Stuck on an issue?

Lightrun Answers was designed to reduce the constant googling that comes with debugging 3rd party libraries. It collects links to all the places you might be looking at while hunting down a tough bug.

And, if you’re still stuck at the end, we’re happy to hop on a call to see how we can help out.

Performance regression with duplicate index 0.11.1->0.11.2

See original GitHub issue

I am using histplot for plotting simple histogram plots for medium sized data-sizes.

I was using histplot for histogram determinations in my dataset using 0.11.1 and all worked very nicely and fast.

Then upon upgrading to 0.11.2 it suddenly never finishes and I am stuck in plotting stuff…

I have a plotting script looking like this:

plt.figure()
sns.histplot(data=df, x="AllocCores", binwidth=1, discrete=True, log_scale=(False, True))

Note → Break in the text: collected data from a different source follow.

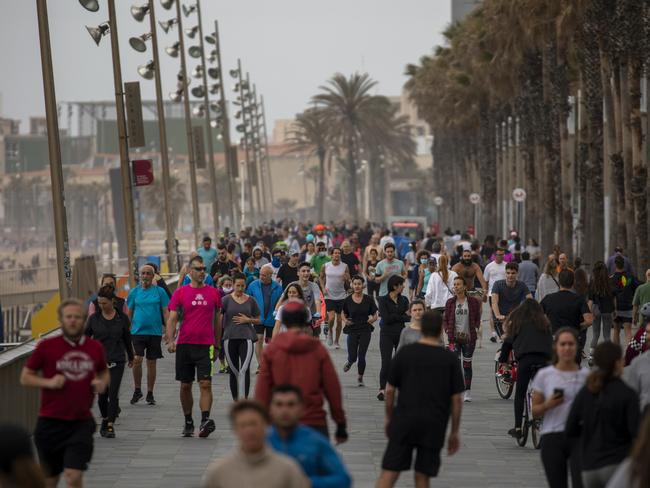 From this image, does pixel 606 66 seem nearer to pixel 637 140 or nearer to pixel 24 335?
pixel 637 140

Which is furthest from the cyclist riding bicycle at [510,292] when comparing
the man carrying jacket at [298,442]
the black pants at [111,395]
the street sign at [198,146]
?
the street sign at [198,146]

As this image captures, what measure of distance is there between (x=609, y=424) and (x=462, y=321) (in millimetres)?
8915

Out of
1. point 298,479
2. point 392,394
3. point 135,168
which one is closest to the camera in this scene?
point 298,479

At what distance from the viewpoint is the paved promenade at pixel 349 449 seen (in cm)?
1230

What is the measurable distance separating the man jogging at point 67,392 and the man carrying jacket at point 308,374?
1202 millimetres

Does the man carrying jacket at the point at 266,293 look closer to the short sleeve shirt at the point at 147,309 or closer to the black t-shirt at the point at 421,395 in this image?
the short sleeve shirt at the point at 147,309

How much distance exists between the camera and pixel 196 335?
568 inches

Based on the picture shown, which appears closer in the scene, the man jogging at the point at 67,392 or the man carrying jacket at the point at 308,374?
the man carrying jacket at the point at 308,374

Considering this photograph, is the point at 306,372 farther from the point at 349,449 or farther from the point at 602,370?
the point at 349,449

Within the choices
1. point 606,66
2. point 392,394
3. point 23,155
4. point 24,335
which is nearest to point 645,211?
point 606,66

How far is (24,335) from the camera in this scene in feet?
126

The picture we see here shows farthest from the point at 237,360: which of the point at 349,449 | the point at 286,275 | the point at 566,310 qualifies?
the point at 286,275

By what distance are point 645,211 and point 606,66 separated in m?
5.96

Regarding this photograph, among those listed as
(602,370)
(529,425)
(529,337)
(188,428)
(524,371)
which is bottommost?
(529,425) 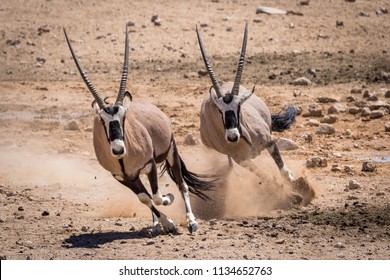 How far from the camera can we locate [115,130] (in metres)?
11.2

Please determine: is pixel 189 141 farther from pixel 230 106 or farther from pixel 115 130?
pixel 115 130

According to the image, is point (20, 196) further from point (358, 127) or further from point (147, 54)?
point (147, 54)

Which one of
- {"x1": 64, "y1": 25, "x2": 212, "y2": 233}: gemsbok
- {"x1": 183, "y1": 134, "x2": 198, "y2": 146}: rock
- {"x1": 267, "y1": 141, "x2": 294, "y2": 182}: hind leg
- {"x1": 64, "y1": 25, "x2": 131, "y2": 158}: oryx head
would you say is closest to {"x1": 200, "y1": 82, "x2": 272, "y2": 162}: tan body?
{"x1": 267, "y1": 141, "x2": 294, "y2": 182}: hind leg

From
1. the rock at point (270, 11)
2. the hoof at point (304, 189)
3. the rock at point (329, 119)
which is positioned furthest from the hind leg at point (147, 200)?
the rock at point (270, 11)

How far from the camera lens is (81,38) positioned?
72.4 feet

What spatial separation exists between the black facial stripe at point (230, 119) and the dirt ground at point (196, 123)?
3.43ft

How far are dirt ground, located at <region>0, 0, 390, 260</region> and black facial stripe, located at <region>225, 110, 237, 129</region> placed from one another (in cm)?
104

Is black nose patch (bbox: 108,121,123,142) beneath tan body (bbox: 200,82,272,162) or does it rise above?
above

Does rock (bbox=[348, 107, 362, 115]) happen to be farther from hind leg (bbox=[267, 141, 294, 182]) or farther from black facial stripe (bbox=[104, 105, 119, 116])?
black facial stripe (bbox=[104, 105, 119, 116])

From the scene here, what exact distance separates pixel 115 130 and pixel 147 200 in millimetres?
894

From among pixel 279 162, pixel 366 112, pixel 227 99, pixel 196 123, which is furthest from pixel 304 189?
pixel 366 112

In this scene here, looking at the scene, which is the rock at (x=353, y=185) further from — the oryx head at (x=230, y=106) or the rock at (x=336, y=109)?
the rock at (x=336, y=109)

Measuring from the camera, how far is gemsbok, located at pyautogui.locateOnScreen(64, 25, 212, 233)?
1127cm

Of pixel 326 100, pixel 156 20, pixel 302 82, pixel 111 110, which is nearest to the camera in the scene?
pixel 111 110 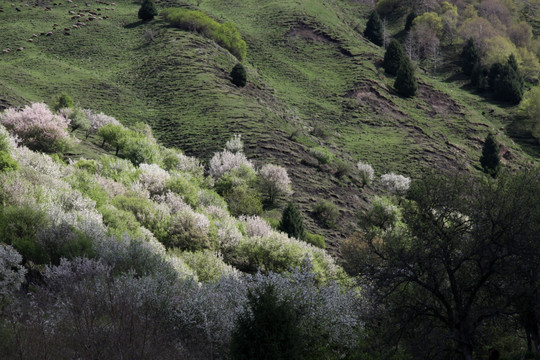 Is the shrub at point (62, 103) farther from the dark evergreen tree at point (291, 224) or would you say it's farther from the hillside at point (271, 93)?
the dark evergreen tree at point (291, 224)

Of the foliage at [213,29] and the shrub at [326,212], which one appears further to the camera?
the foliage at [213,29]

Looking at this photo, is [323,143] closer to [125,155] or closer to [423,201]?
[125,155]

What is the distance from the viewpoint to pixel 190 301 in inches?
404

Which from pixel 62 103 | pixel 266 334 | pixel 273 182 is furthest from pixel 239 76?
pixel 266 334

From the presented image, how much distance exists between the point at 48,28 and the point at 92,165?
46320mm

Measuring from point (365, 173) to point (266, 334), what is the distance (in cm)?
3282

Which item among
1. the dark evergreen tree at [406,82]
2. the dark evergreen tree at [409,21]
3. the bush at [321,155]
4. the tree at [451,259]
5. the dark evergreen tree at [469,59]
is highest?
the dark evergreen tree at [409,21]

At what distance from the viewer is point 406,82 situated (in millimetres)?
62250

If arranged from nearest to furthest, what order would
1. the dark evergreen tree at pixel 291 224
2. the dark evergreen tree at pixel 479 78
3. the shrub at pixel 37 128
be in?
the shrub at pixel 37 128 → the dark evergreen tree at pixel 291 224 → the dark evergreen tree at pixel 479 78

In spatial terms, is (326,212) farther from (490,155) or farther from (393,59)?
(393,59)

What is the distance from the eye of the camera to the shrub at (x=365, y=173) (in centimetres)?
3988

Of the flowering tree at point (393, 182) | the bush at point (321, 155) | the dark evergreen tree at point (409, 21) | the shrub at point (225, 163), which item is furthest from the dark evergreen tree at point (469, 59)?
the shrub at point (225, 163)

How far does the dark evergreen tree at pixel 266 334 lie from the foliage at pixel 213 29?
55.5m

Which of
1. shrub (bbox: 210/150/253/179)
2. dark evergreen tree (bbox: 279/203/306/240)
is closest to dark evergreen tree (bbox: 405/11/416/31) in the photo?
shrub (bbox: 210/150/253/179) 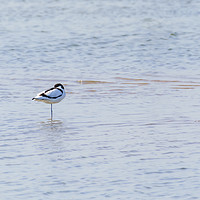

The data-frame has 789412 entries and the span of the data df["AllocCores"].min / max is 1, 1200. So 1200 bins which I agree is very large but required in our analysis plots 😉

Using 0.11.1 I get this:

$> time python script.py
seaborn version = 0.11.1
Starting to plot...
Choosing binwidth = 120
Choosing binwidth = 1070
Choosing binwidth = 16
Choosing binwidth = 16
python script.py  40.34s user 0.83s system 155% cpu 26.479 total

note that this is plotting 16 files in less than a minute.

Using 0.11.2 I get this:

$> time python script.py
seaborn version = 0.11.2
Starting to plot...

it basically never ends… I have waited more than 10 minutes, but it isn’t even done with the 1st plot.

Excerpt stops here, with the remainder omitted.